Clicking the “Get Started” CTA launches a 2-step modal series on the same screen. Users are asked to select their company size and input their contact data.
The icons in each field change from red to green as the user successfully fills in the requested information.
And with that, the user is dropped into the demo center. You’ll note that no password is required—Zenefits knows that most people are still evaluating their product at this stage.
Before the user can continue, they’re asked to agree to the terms and conditions. This necessary step can sometimes be a point of friction, but Zenefits smooths that out by saving T&C acknowledgement until after initial signup, giving users a glimpse of the demo product in the background.
Self-service product demo
Rather than overloading every user with an exhaustive product tour, Zenefits gives new users the option to choose between 3 Guided Tours (product walkthroughs for different use cases) or a general introduction to the product.
We chose the “Tour Zenefits HR” option to see how they walked users through a specific use case. Things start off with a spotlight and high-contrast tooltip. Clicking “Next” takes users through some of the key features they’re likely to need in the future.
Zenefits has done a nice job of clearly and succinctly highlighting the value behind each feature—users aren’t just told what something is, they’re given a concrete example of why they should care about each feature (e.g. “create team reviews in a few clicks with Performance Management”).
An abrupt end
The tour ends with a final tooltip. Clicking “Done” closes out the tour, and users are left to explore the rest on their own.

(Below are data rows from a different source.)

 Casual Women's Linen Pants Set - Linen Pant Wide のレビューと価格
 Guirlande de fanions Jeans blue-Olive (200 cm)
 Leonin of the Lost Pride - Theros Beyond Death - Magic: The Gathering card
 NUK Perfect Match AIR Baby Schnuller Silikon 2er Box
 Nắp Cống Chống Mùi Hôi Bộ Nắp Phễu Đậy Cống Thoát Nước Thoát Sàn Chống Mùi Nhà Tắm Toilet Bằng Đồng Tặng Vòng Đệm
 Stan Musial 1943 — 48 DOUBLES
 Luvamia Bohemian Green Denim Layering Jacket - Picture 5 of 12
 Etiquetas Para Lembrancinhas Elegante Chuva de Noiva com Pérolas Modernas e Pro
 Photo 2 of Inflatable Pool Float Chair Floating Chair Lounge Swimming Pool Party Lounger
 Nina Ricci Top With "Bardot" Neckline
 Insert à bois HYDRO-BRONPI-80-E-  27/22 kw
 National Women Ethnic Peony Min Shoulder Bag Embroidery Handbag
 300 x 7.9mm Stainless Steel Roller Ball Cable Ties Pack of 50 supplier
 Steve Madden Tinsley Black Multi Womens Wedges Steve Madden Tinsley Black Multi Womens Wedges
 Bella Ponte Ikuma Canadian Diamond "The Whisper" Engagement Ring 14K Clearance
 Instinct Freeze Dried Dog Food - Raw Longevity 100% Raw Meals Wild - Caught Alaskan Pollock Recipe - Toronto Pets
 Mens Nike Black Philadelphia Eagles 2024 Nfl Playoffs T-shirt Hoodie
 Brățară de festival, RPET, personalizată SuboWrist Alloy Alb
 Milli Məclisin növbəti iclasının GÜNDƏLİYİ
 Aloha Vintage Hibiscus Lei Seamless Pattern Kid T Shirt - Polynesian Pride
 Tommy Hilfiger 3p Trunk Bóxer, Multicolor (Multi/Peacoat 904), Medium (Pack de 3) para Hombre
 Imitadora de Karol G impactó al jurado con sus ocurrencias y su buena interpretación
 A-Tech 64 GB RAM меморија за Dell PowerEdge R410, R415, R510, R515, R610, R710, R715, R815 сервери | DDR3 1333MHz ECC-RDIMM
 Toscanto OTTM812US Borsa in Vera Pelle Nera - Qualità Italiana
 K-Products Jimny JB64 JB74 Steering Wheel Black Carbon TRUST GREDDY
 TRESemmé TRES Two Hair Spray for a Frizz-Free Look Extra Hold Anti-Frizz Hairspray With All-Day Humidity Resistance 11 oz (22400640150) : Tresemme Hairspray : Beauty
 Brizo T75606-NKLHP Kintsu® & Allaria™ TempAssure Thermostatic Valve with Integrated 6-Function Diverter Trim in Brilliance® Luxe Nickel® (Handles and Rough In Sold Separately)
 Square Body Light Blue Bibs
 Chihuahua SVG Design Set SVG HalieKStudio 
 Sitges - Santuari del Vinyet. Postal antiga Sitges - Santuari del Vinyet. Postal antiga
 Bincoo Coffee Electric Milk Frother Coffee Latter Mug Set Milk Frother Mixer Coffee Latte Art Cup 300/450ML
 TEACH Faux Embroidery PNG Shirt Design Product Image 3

While the freedom to click through all the features is nice, we felt that the walkthrough ended quite abruptly. Without any confirmation that the tour was over, we were momentarily unsure of what we were supposed to do next: Should we click things? Go back to the Demo Center? And if so, how? Could we enter our own info into this demo environment?
A brief modal window letting users know that they’ve completed the hand-holding part of the demo and that they’re now free to explore different features would really round out the experience.
Why this is really good UX
- We really liked the instant feedback that the color-changing icons provide during signup. Great UX often lies in the details, and this bit of automatic feedback is a nice touch that lets users know they’ve done the right thing at this important step.
- Saving terms and conditions until the next step—when users can see the demo environment in the background—was a smart move. It reduces friction during signup and gives users motivation to continue.
- We love that Zenefits offers users multiple pathways into their product—and that they include a general tour to boot. Letting users segment themselves at this stage allows you to deliver more relevant onboarding experiences, which shortens time to value and increases activation rates.
- Important page elements stand out thanks to big, bold calls to action and high-contrast colors throughout the product.
- Zenefits has done a good job of calling out value during their walkthrough. Their tooltips don’t just point to important features—they explain, in a few simple words, why those features matter.
What could be even better
- We would have liked a confirmation modal at the end of the tour that let us know what we should do next.
- After the initial walkthrough, users are really on their own. For some of the more complicated or high-stakes features, a little more guidance in the form of a tooltip or 2 could make a big difference to inexperienced users.